Please repeat the records, word for word and without gaps.

* * * * *

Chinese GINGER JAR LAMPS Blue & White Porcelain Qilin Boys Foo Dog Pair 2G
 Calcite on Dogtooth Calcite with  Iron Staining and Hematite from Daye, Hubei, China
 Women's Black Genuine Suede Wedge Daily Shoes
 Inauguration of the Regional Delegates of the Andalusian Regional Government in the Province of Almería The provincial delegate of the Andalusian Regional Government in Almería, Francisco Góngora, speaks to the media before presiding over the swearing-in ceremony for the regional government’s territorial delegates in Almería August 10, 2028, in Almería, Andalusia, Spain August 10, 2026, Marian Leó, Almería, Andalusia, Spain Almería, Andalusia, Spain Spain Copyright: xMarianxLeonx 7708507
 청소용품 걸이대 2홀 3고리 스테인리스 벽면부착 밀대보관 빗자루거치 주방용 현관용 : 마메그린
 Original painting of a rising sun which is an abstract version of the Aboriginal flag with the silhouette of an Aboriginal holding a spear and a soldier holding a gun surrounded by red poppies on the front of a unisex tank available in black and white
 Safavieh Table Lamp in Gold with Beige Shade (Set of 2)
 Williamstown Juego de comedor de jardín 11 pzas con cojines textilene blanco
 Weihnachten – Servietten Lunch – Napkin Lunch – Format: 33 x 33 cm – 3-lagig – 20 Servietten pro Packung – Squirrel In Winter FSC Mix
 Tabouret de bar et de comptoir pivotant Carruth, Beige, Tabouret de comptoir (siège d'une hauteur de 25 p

* * * * *

Task answer ▸
Chinese GINGER JAR LAMPS Blue & White Porcelain Qilin Boys Foo Dog Pair 2G
 Calcite on Dogtooth Calcite with  Iron Staining and Hematite from Daye, Hubei, China
 Women's Black Genuine Suede Wedge Daily Shoes
 Inauguration of the Regional Delegates of the Andalusian Regional Government in the Province of Almería The provincial delegate of the Andalusian Regional Government in Almería, Francisco Góngora, speaks to the media before presiding over the swearing-in ceremony for the regional government’s territorial delegates in Almería August 10, 2028, in Almería, Andalusia, Spain August 10, 2026, Marian Leó, Almería, Andalusia, Spain Almería, Andalusia, Spain Spain Copyright: xMarianxLeonx 7708507
 청소용품 걸이대 2홀 3고리 스테인리스 벽면부착 밀대보관 빗자루거치 주방용 현관용 : 마메그린
 Original painting of a rising sun which is an abstract version of the Aboriginal flag with the silhouette of an Aboriginal holding a spear and a soldier holding a gun surrounded by red poppies on the front of a unisex tank available in black and white
 Safavieh Table Lamp in Gold with Beige Shade (Set of 2)
 Williamstown Juego de comedor de jardín 11 pzas con cojines textilene blanco
 Weihnachten – Servietten Lunch – Napkin Lunch – Format: 33 x 33 cm – 3-lagig – 20 Servietten pro Packung – Squirrel In Winter FSC Mix
 Tabouret de bar et de comptoir pivotant Carruth, Beige, Tabouret de comptoir (siège d'une hauteur de 25 p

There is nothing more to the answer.